Collectors like Kenny Goss of the Goss-Michael Foundation and Howard and Cindy Rachofsky, both in Dallas, are stewarding private collections with a non-profit point of view is a path for the future. “I think that private collections, in dedicated spaces like Goss-Michael, the Rachofskys in Dallas, and the Dallas Cowboys AT&T Stadium, do a good service to the community because they can inspire more art collecting and preservation. But at the end of the day you have to make active those spaces with meaningful programming otherwise you run the risk of deactivation,” states Ruiz-Healy.
If you are buying contemporary is important to buy with both the eye and the brains. Try to take your time in finding out why is a specific work talking to you. Here are three tips, according to Patricia Ruiz-Healy:
- Read the artist’s CV and biography.
- Don’t be afraid to ask questions to the gallery director.
- Don’t make rush decisions, most galleries can put a work in hold for a brief period of time; and please don’t ever buy art in cruise ships or along the seine river.

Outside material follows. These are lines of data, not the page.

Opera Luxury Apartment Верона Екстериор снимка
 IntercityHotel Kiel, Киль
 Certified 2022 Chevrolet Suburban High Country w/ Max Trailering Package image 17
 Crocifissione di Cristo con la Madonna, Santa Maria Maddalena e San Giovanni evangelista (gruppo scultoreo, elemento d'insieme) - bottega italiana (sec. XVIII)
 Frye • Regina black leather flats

The relationship between the artist/gallerist and the artwork buyer is important, shares Healy. “I have art collectors who only buy artists that they know personally, but most of my buyers don’t know the artist personally. As a gallerist the personal connection is very important, but I sell quite a bit electronically and in fairs where nobody knows me. At the end of the day is all about the work and that’s the way it should be. Collectors have so much information so now it’s easier to make decisions based on research.”
When asked what the perfect age for a collector to begin collecting is, Healy confides her point of view. “You can start as a ten-year-old with an original print that speaks to you. Print-making techniques like woodcut, lithography, etching, etc. have been around for centuries. There is this misconception that prints are not original, yet they definitely are because they were created with a specific technique in mind. The difference between print and paintings is that they are not unique. Printmaking usually forms part of a limited edition.”
We believe that art influences culture and fashion in Texas and Ruiz-Healy agrees. “Nowadays with digital information so engrained in our lives the intersections of art, culture, fashion, and food are more and more married. I think that culture influences art and very frequently art inspires fashion. We all live feeding each other in more ways that we can think of.”
In fact, art affects and influences every Texan, shares Ruiz-Healy. “Art can be many things for different people. In general good art has a distinctive presence and is many times a conversation piece. Texans enjoy beautiful clothes, homes, gardens and you have to have the art for to make your surroundings more special. The level of sophistication that art brings to a home cannot be match by anything else. You can have a beautiful hand painted wall paper but it’s just a nice wall paper it’s not a timeless work of art.”
“Good art is a special paragon of a club where most informed and sophisticated people want to belong to,” she says and we couldn’t agree more as the landscape of the Texas art scene will continue to revolve.